Task material:
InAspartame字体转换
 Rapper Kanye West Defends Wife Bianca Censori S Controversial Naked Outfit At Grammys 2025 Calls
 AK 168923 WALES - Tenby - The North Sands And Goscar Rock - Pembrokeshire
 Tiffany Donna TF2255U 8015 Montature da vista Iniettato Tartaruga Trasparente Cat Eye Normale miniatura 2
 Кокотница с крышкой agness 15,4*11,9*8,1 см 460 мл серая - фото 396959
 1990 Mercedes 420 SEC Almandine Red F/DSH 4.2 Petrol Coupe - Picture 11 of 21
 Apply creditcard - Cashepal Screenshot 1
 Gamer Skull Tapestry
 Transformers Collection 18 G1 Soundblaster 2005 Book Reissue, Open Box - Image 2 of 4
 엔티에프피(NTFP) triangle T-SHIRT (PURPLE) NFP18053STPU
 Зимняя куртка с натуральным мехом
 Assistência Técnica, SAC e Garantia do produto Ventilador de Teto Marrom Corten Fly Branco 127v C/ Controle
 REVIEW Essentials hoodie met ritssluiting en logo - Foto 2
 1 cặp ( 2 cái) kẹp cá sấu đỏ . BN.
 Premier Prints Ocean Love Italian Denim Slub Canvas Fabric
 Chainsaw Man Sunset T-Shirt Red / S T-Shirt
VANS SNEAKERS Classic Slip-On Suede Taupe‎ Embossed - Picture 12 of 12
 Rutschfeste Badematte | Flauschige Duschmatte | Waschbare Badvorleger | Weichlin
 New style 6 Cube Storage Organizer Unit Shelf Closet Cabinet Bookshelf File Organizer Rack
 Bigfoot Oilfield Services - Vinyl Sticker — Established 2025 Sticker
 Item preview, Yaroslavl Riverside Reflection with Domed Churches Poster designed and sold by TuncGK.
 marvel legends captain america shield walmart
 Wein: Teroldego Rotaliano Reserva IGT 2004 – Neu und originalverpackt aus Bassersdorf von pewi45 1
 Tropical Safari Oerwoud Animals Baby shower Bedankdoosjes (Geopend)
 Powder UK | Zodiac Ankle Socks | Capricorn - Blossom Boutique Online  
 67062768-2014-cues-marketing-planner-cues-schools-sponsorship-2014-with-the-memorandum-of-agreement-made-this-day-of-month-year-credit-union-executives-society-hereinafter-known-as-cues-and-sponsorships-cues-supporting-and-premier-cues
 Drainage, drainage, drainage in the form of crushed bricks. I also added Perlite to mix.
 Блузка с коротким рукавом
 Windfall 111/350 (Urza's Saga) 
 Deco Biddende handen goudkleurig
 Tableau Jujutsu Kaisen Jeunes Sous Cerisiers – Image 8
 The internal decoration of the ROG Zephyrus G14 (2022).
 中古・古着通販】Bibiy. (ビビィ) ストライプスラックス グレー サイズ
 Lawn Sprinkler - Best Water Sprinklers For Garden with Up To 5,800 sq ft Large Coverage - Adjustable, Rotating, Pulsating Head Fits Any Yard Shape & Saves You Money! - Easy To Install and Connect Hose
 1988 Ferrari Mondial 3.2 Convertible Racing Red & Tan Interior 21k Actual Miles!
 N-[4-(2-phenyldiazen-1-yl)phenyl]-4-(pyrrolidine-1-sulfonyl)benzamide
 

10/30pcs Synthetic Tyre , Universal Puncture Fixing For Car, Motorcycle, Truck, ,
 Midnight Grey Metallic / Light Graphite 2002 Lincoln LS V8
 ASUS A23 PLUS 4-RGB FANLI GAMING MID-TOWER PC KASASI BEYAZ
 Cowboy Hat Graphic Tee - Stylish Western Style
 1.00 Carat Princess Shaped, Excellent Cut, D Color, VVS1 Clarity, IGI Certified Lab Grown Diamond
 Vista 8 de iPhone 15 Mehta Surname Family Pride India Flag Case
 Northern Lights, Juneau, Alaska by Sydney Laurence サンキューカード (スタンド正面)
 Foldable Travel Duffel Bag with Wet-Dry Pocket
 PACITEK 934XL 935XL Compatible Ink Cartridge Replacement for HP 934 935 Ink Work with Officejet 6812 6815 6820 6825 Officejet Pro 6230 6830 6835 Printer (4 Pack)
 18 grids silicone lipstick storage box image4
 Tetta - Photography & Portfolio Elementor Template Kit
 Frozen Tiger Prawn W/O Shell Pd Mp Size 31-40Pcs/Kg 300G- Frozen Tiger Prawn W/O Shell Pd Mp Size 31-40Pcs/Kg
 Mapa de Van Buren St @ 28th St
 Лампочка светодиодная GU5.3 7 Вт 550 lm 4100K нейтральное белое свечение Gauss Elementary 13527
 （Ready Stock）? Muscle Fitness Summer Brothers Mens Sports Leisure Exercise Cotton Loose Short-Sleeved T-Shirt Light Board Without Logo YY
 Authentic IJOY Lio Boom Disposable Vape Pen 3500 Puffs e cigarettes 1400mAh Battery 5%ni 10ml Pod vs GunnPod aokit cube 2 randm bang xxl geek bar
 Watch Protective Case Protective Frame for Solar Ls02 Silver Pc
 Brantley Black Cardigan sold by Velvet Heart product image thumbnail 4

What to produce: Supply the number of lines above that contain the word "sold", and nothing else.

Your solution: 2